# thinking of adoption. Scotland ,any advice



## ellej74 (Dec 22, 2011)

Hi ,Im new here - we know we need to wait as we have just finished 3rd ivf cycle(another bfn  ) but have been thinking about adoption for a while. We know its a long road and of course difficult but after going through ivf we feel we can cope and just really want to be parents. Does anyone have any up to date information about how long the adoption process in Scotland takes...I know its depends on so many things. Any advice would be appreciated. There is a lot of inspiration on this board xxx Elle


----------



## GERTIE179 (Apr 20, 2005)

Hi Elle,

Scotland don't conform to the new guidelines (and not sure if they plan to). There's a bit of controversy that the new guidelines are making it difficult for SWs to comply as they are already stretched (govt targets v reality). Our longest wait was between prep and being allocated a SW and then Approval to matching both being about 10months each so all in all I think we were 3.5 years from info to little man moving home.
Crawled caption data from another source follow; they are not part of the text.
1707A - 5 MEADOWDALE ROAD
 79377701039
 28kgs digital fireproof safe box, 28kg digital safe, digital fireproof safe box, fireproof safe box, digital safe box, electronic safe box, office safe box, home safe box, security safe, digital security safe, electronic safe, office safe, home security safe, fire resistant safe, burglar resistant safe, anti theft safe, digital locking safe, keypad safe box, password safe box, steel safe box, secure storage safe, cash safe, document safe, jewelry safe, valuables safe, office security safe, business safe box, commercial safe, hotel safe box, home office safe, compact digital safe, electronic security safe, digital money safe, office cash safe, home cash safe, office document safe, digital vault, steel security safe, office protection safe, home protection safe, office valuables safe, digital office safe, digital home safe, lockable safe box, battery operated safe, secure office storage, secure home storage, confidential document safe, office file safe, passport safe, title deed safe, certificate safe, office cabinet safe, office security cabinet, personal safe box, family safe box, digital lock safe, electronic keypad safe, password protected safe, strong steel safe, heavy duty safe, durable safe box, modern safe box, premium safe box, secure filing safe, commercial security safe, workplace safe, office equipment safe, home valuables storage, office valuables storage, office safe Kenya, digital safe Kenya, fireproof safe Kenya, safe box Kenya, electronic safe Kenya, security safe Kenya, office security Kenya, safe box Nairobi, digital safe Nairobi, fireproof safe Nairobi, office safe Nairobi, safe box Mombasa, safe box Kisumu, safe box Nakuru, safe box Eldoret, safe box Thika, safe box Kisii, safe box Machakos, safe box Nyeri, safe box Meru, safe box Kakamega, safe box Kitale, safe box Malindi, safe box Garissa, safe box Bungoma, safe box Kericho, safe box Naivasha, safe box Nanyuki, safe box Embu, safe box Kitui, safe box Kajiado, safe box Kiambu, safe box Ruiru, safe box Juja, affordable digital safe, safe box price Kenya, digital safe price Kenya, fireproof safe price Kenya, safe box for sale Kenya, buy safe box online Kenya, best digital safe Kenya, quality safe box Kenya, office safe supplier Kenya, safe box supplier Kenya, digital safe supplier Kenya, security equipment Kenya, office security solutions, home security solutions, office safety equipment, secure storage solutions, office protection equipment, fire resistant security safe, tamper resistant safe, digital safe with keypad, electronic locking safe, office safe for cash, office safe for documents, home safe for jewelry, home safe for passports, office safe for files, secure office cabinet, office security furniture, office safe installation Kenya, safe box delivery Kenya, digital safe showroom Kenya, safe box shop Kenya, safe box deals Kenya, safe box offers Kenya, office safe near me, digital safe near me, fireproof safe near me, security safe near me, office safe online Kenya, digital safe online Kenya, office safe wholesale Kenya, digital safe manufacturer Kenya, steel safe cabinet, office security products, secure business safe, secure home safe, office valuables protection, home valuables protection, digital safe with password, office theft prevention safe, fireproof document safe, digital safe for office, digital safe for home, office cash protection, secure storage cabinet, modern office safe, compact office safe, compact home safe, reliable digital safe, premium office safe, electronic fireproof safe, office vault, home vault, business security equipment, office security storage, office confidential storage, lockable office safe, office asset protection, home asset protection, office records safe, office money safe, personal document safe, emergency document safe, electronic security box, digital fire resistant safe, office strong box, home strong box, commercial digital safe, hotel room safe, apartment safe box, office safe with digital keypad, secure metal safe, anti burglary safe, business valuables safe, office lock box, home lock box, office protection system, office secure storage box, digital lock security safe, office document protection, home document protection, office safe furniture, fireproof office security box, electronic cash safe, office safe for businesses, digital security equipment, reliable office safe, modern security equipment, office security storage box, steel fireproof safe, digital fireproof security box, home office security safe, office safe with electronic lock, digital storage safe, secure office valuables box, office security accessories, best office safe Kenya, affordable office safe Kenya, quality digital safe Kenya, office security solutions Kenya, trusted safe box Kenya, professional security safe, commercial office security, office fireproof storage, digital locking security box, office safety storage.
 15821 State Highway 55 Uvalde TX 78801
I'm not in your neck of the woods but there's a thread running for those in Scotland although it's a few pages back now. This will probably give you a feel for timings and agencies in your area. I'd spend lots of time reading up as some SWs expect you to have started doing so before contacting whereas others encourage you more as you go through the process.
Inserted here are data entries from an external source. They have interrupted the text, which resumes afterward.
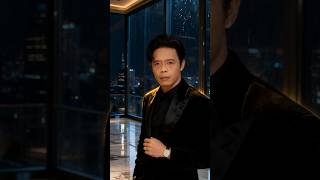 Download Lagu Hati Yang Masih Ada – Pop Slow Rock Ballad Paling Sedih 2026 | Lagu Galau Terbaru MP3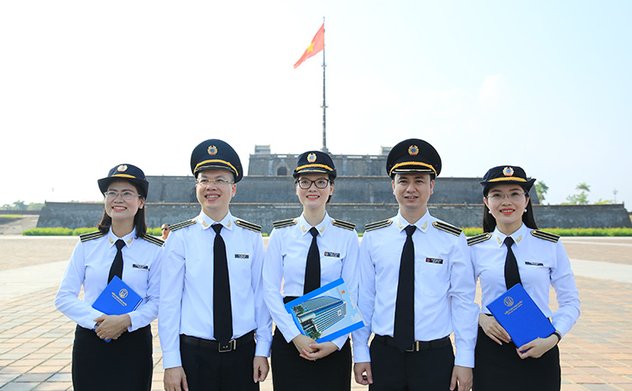 Tổng Kiểm toán nhà nước phát động Phong trào thi đua đặc biệt chào mừng Kỷ niệm 30 năm thành lập Kiểm toán nhà nước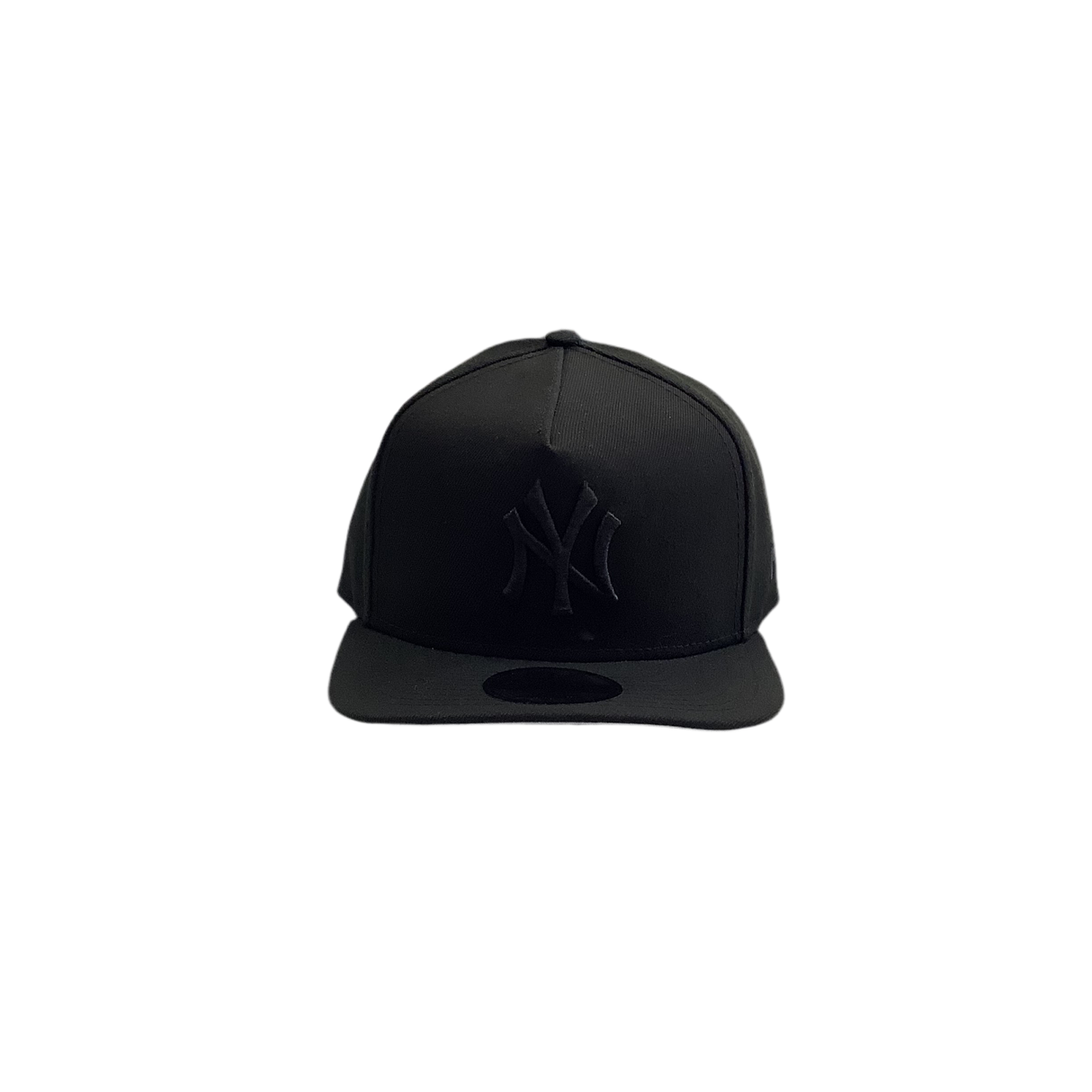 New Era NEW YORK YANKEES A-FRAME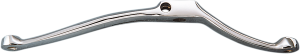 Shift Lever Silver, 1, nordicamoto.ro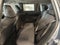 2026 Toyota Corolla Cross LE FWD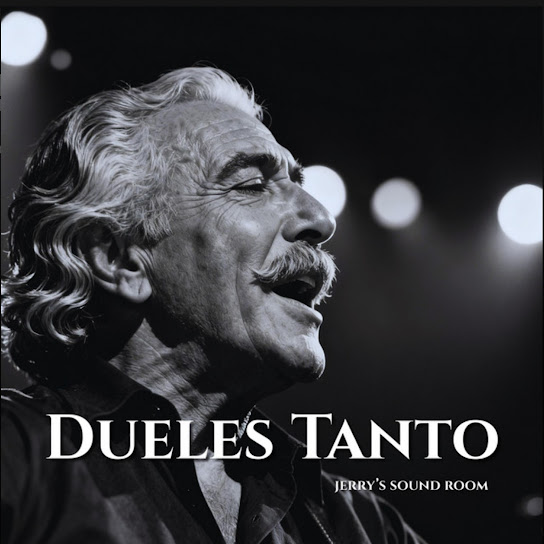 Dueles Tanto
http://www.fertilityfriends.co.uk/forum/index.php?topic=308753.msg5507546#msg5507546

HTH x


----------



## AdoptionDreams (Feb 10, 2010)

Hello.  The new guidelines have made differences to Scotland. We are from Scotland and started the adoption process in May 2013, we are now about to complete our assessment. We are going to approval panel in either 5 or 10 weeks. From starting the process to being approved it will be just under a year. X


----------



## ellej74 (Dec 22, 2011)

Thankyou both. The ivf has broken me and I really not sure we can keep going down that road. We have both thought about adoption for a long time. I think oh would have been happy to go down adoption route and miss out ivf tbh. We are going to keep trying naturally and think about where we go in a month or so. Im doing some research and its good to hear process is possibly under a year..I was imagining years and years...although I know will depend on so much. Oh and I are 39... do you know what restrictions on age of child/ children would be? And do we need to wait to apply after ivf. I will look at Scottish thread too. Thanks so much xx


----------



## ellej74 (Dec 22, 2011)

Hello, Just been reading more of the posts on this board - very inspirational and exciting.  I have been looking at different va in my area and local authority in the last few weeks. If we go down this road how do you make a choice? I'm worried about choosing the wrong one..is it just a feeling.  I know we need more info but I feel I cant phone until we are100% committed. 
I'm not quite on the adoption path yet , as need more time after ivf... but Im actually feeling some positivity which sometimes I felt had gone for good. I  have been holding back saying too much to oh as I know he very keen, and wants to avoid more ivf but I know I have to be sure - It is filling my head already though and in a good way. Thanks ladies - so good to read your stories.


----------



## snapdragon (Jun 27, 2011)

39 is not old in adoption terms. You should have no restrictions on age off child. I was 42 when I started the process ( not Scotland) and 44 when lo was placed and it was my choice to have a slightly older child, 22 months on placement.  In fact my la said 42 was quite young for them.


----------



## ellej74 (Dec 22, 2011)

Thanks Snapdragon for your reply - I think once I have had some time to think and learn more I may also be more comfortable with a slightly older child. I know my oh is. So many decisions. Hope all going well with you and your lo. 
x


----------



## katie c (Jun 15, 2009)

does your LA/VA do info evenings? only you dont have to wait any length of time to go to one of them, and by going you're not commiting to anything, so if you go and decide its not for you, all you've done is waste an evening.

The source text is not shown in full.